Local Gardener Living: A toast to compost
A toast to compost
Can you make compost without a bin?
1. True or false: Nature recycles.
2. True or false: You can’t compost without a compost bin.
3. True or false: Composting indoors is smelly and attracts fruit flies.
4. True or false: Red wrigglers are the best worms for vermicomposting because they are native to Canada.
5. True or false: You can’t compost in winter.
6. True or false: You need roughly three times as much green material as brown material for a healthy compost heap.
7. True or false: Grass clippings are excellent for compost.
8. True or false: Fallen tree leaves are no good for compost.
9. True or false: You can’t have too much water in your compost bin.
10. True or false: It’s bad for your garden to apply compost that hasn’t been thoroughly broken down.
Answers
1. True. That which nature brings together, it ultimate breaks down. From the biggest tree to the tiniest ant, once death occurs, nature sets about breaking it down into carbon dioxide, water, mineral salts and a whiff of something known as humus. It’s an amazingly efficient process, involving oxygen and microorganisms, that can reduce a human from corpse to skeleton in about three weeks, left uncovered. Even the skeleton, if exposed to the elements, will be gone in about 10 years. In essence, nature recycles the matter of an old life by decomposing its physical parts into energy for new lives. The process is called composting.

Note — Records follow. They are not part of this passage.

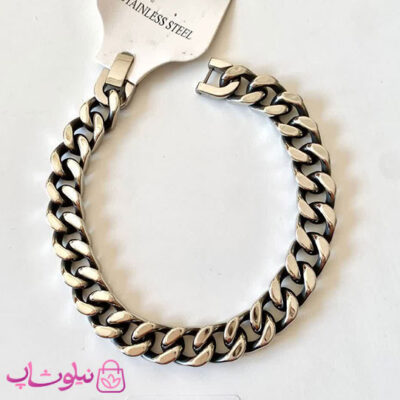 خرید دستبند مردانه کارتیه استیل سیاه قلم 22 سانت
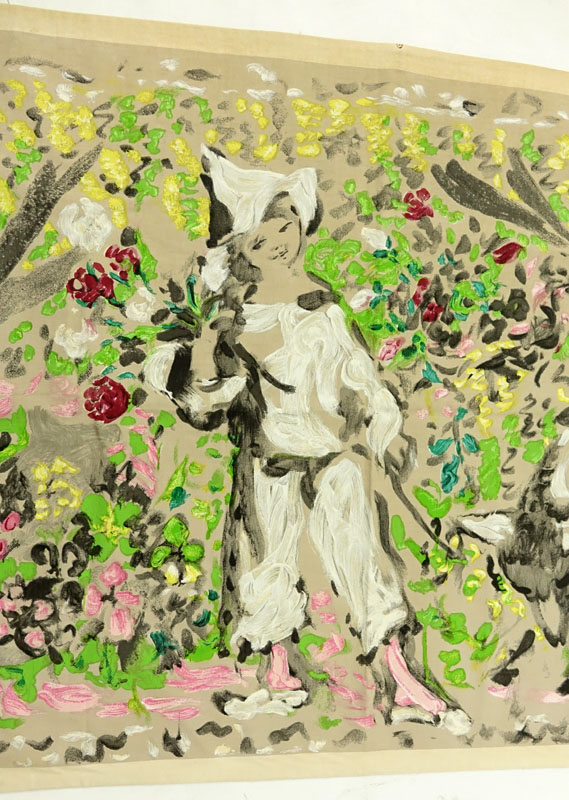 Marcel Vertès, French (1895–1961) Color print on linen “Le Jardin de Pierrot”. Corot label signed by the artist en verso.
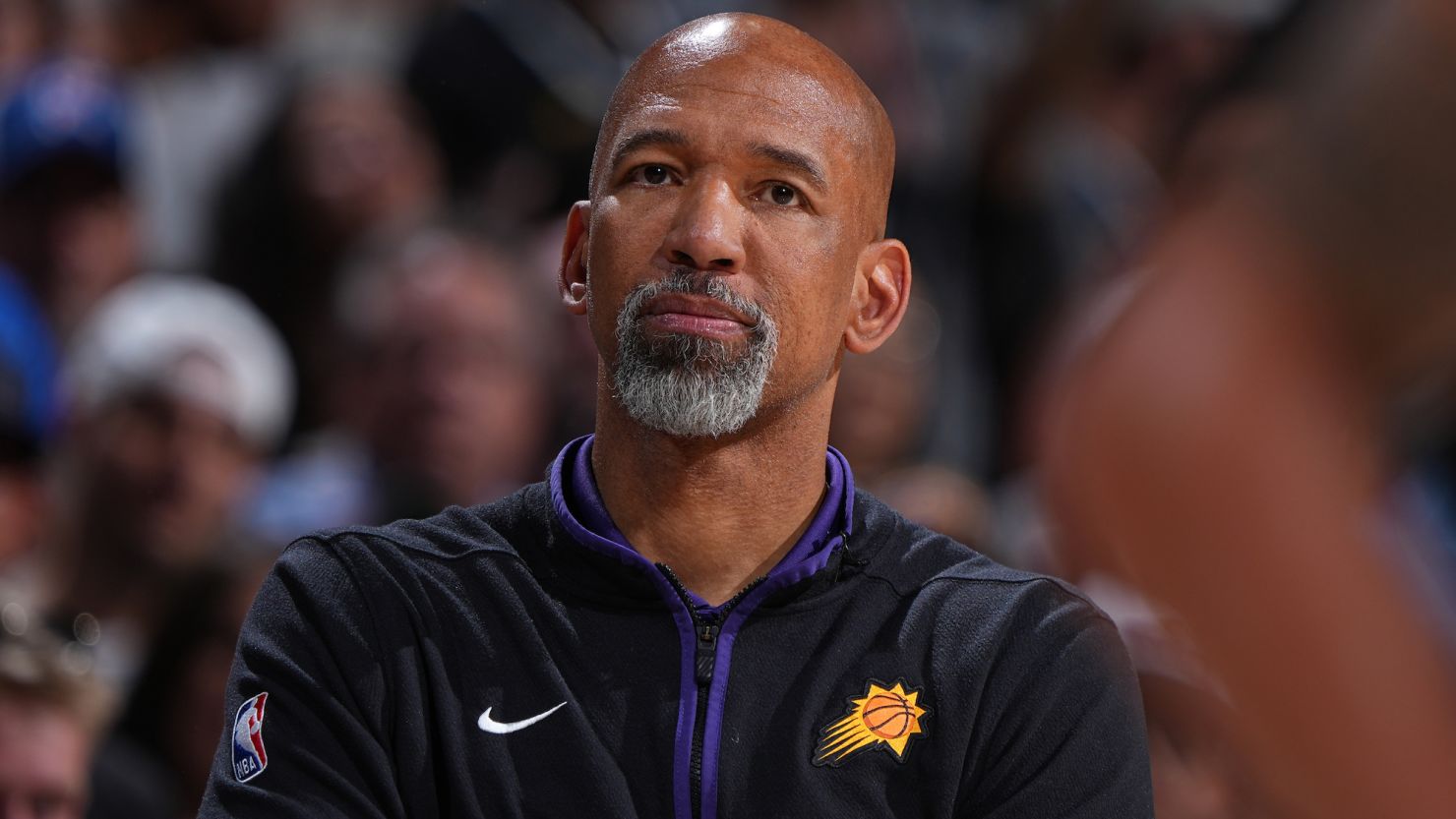 Head Coach Monty Williams of the Phoenix Suns looks on during Game Two of its NBA playoff series against the Denver Nuggets on May 1, 2023, at the Ball Arena in Denver, Colorado.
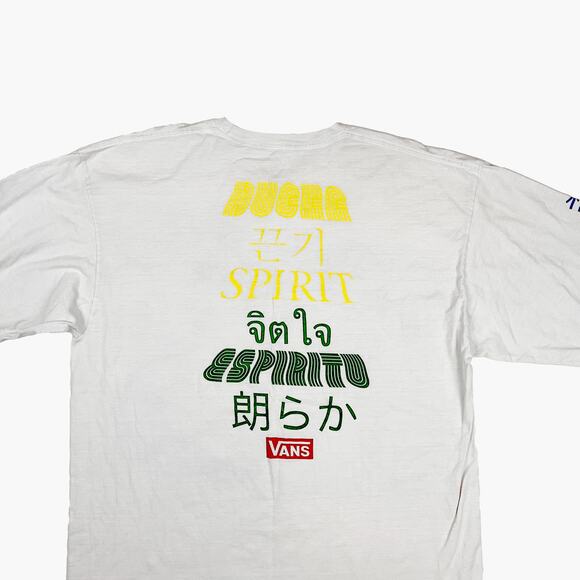VANS "Spirit" Long-Sleeve Graphic Print T-Shirt (White | Size XL) - Picture 3 of 9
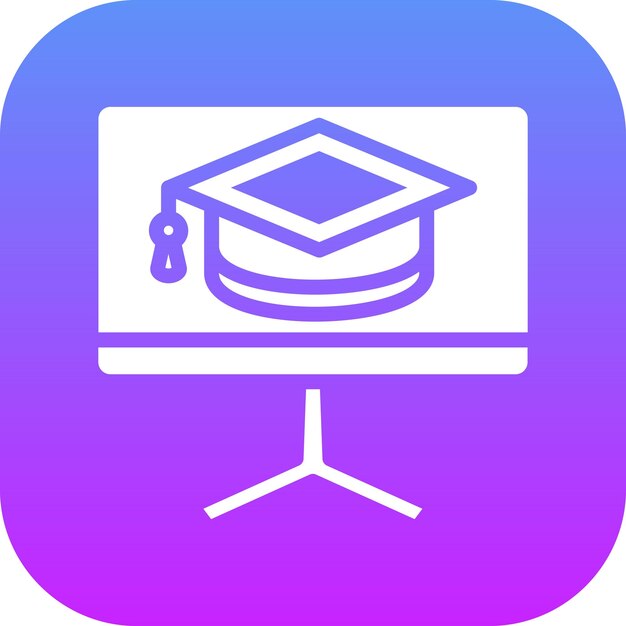 un logotipo azul y rosa con una gorra de graduación en él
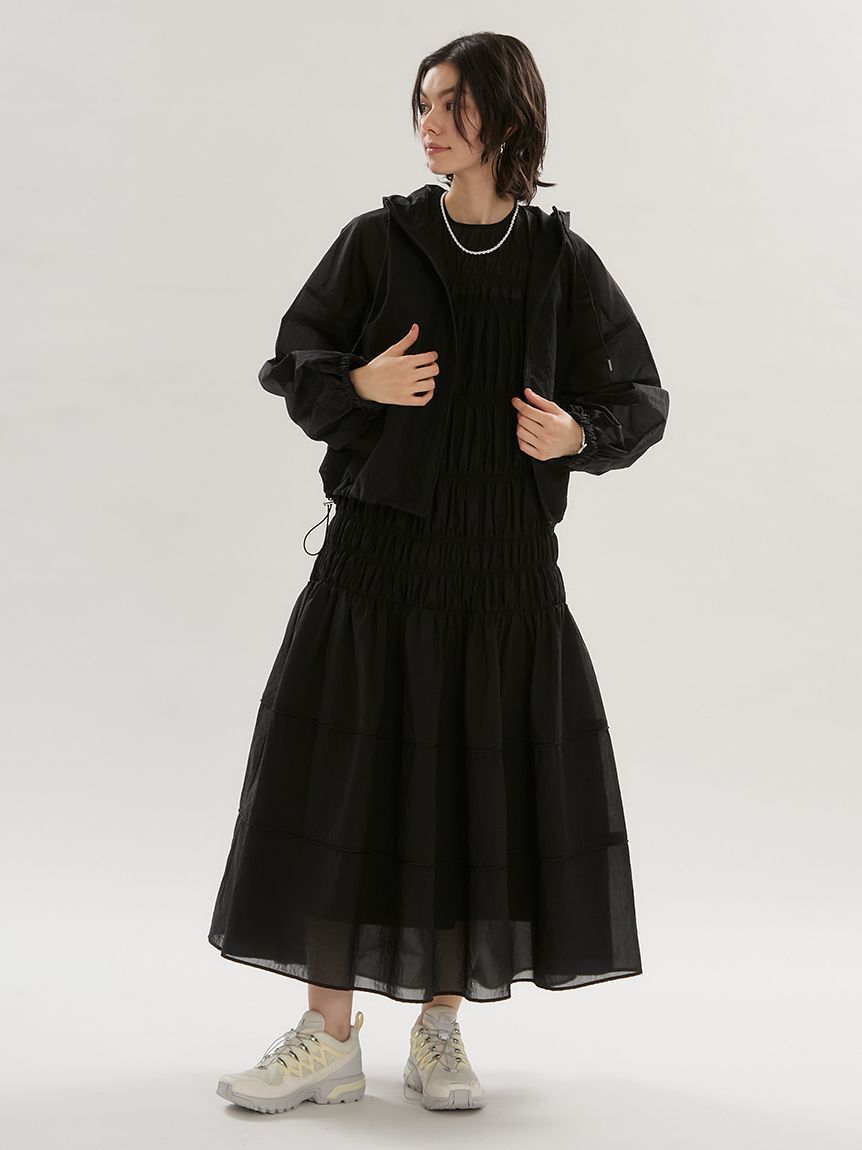 emmi atelier「シアーナイロンシャーリングワンピース【セットアップ対応】/ウォッシャブル」|ワンピース|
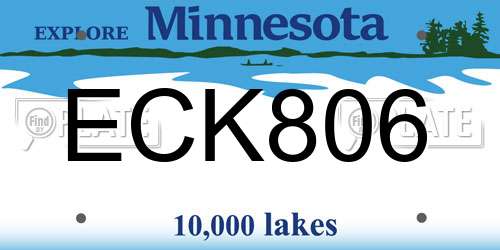 ECK806 Minnesota License Plate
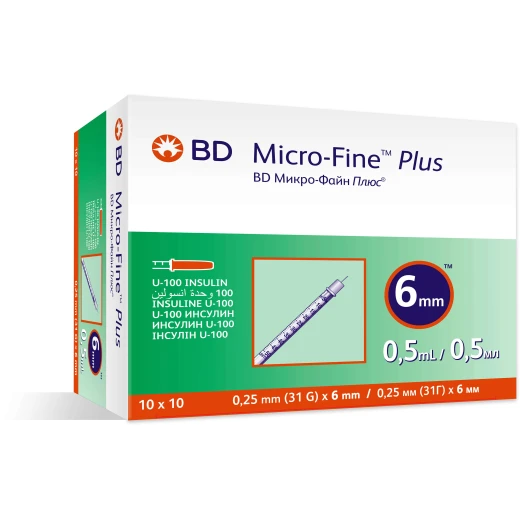 حقن الأنسولين BD Micro-Fine Plus 0.5 مل عبوة من 10 لإدارة مرض السكري بدون ألم حقن الأنسولين BD Micro-Fine Plus 0.5 مل عبوة من 10 لإدارة مرض السكري بدون ألم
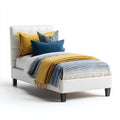 Letto singolo imbottito in ecopelle 200x90x85 cm - bianco - design moderno per camera da letto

2. False. Farmers reading this are laughing at the idea that you need a plastic bin to compost food scraps and yard waste; many people with acreage simply have a compost pile—a designated spot for piling organic waste. There are a few reasons for using a bin, particularly in a smaller yard. One is: compost ain’t pretty. A bin keeps your waste in a more compact area, gives you an opportunity to maintain ideal moisture levels and is less attractive to foragers.
3. False. Or at least, you can have a vermicomposter—an indoor worm farm—free of fruit flies and offensive odours, and I’ve seen many in elementary school classrooms to prove it. To prevent fruit flies, bury the new food scraps in the compost. If the composter gets stinky, add some shredded paper or dried leaves. These rules of thumb work in your outdoor composter as well.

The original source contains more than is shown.